According to the existing law, passed by Parliament in May 2007, any party clearing a 4% threshold in parliamentary elections and a 3% threshold in local self-government elections is entitled to GEL 150,000 annually, plus additional funding for every vote received and every MP elected.
The ruling party-proposed amendment, which will go into force if approved on its second and third hearings, however, would make the New Rights Party; Freedom Party; Movement for United Georgia; Georgia’s Way; Party of People and National Forum ineligible for the funding.
All six parties are part of the opposition coalition, which ran in the May 21 parliamentary elections on a joint ticket. The bloc won 17.73% of the vote. The parties, however, have refused to enter Parliament and have renounced their MP mandates in protest at, what they call, the falsified elections.
The amendment would reportedly deprive the six political parties of GEL 600,000 in total.
Georgian Troupe and On Our Own – former members of the bloc who quit following the elections in order to enter Parliament – will receive total funding of GEL 200,000.
The Conservative Party – also part of the opposition coalition – will also receive state funding even though they have renounced their MP mandates because it won more than 3% of votes in the 2006 local elections.
The same rule will mean that the Republican and Industrialist parties will also continue receiving funding from the state budget. Despite winning less than 4% of the vote in the May 21 parliamentary elections, they each got more than 3% in the local elections.
The Labor Party, whose leaders still remain MPs, will be eligible for the funding and is expected to receive about GEL 500,000.
The Christian-Democratic Party, which has six MPs, will be eligible to receive about GEL 560,000.
The opposition has condemned the proposed amendment to the law. The parliamentary minority, led by the Christian-Democratic Party, said the proposal was “discrimination” against those parties who made a political decision to boycott Parliament. Opposition lawmakers also said that the amendment was “punishment” by the authorities, which was unacceptable.

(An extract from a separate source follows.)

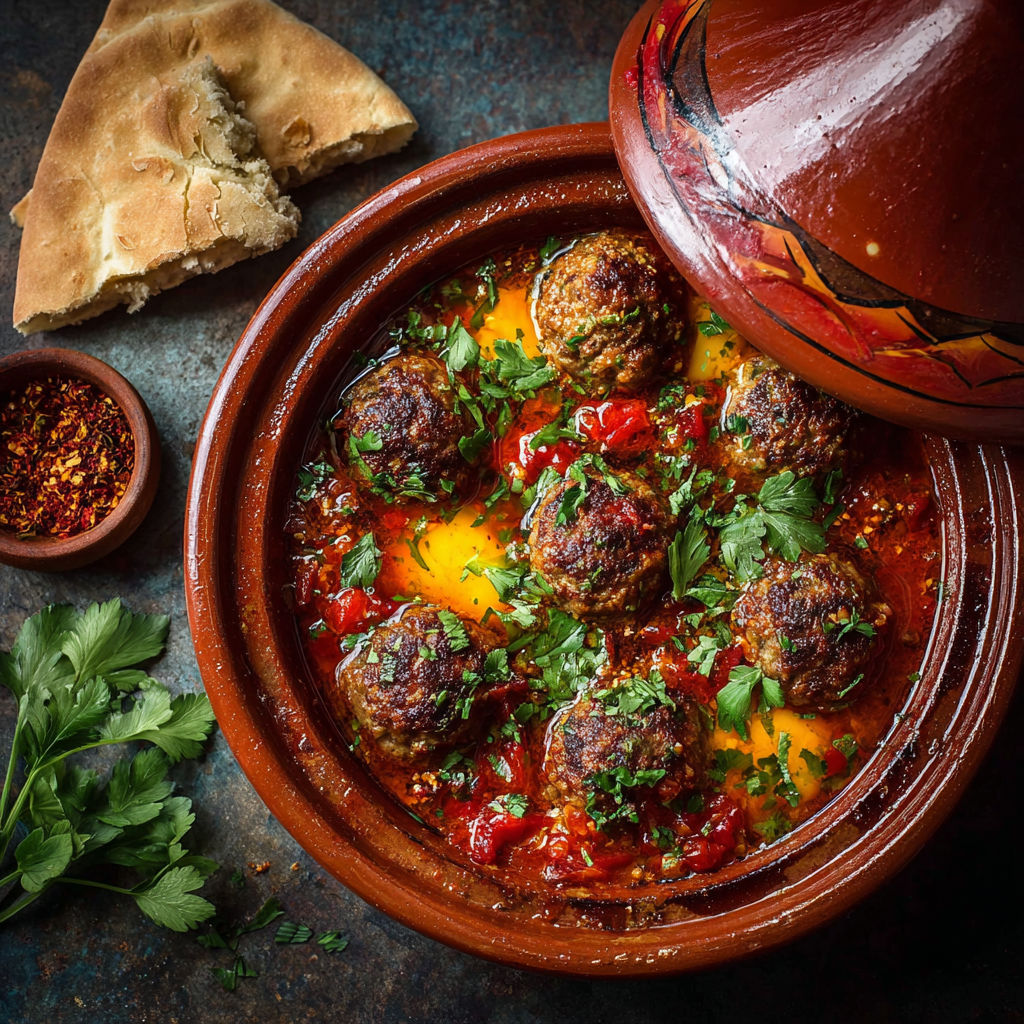 Tajine de viande avec des légumes et des pommes de terre.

MP Pavle Kublashvili of the ruling party, however, said that parties refusing “to represent their voters in Parliament” should not receive state funding.
“Political groups refusing to participate in the political processes and constantly speaking about some kind of ‘public rebellion’ naturally cannot receive any funding [from the state budget],” MP Kublashvili, the chairman of the parliamentary committee for legal affairs, who is a co-sponsor of the draft law, told reporters on July 3.